In this example, say the person goes into the nursing home on Jan. 1, 2010. Since he has no other assets, he would be eligible for Medicaid. Under the new law, the penalty period will not even commence until Jan. 1, 2010, when he goes into a nursing home, and will be over on Nov. 1, 2010. How the nursing home will be paid during the disqualification period is anyone’s guess. Therefore, persons of moderate means who might go into a nursing home need to think very carefully before making even a modest gift.
Impact on annuities
The second major change concerns the treatment of annuities. If an institutionalized person buys an annuity to achieve Medicaid eligibility, the state must be named as the beneficiary. If there is a spouse or a minor or disabled child, those parties can be named as the primary beneficiary, but the state must be named as the secondary beneficiary. The annuity must also be irrevocable, nonassignable, actuarially sound as determined by tables published by the Office of Actuary of the Social Security Administration, and provide for equal payments during the life of the annuity, with no deferral and no balloon payments. The state is required to notify the issuer of the annuity of the state’s right as a preferred remainder beneficiary, and the issuer of the annuity may, but is not required to, notify any other beneficiaries of the state’s preferred claim. The state has the option of requiring the annuity issuer to notify the state when there is a change in the amount of income or principal being withdrawn from the annuity.
Effect on home equity
The law also contains an absolute prohibition on Medicaid eligibility for applicants who have a home equity of $500,000 or more. Each state has the option to raise this amount to $750,000. This rule does not apply if there is a spouse or minor, or a blind or disabled child residing in the home.
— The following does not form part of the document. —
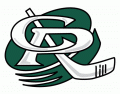 Cedar Rapids RoughRiders 1999 00-2011 12 Alternate Logo Iron On Transfer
Since Medicaid is a state-administered program, each state will have to change its own rules to comply with the federal law. The deadline for states to do so is the first day of the first calendar quarter, beginning after the end of the next full legislative session. Therefore, many states will have a grace period before the law goes into effect.
If you are working with healthy senior clients, make sure you emphasize the importance of leveraging LTCI as part of their portfolio to protect against the asset-draining effects caused by a nursing-home stay. Understand what options your clients have based on their circumstances and help them build a contingency plan, and you will create clients for life.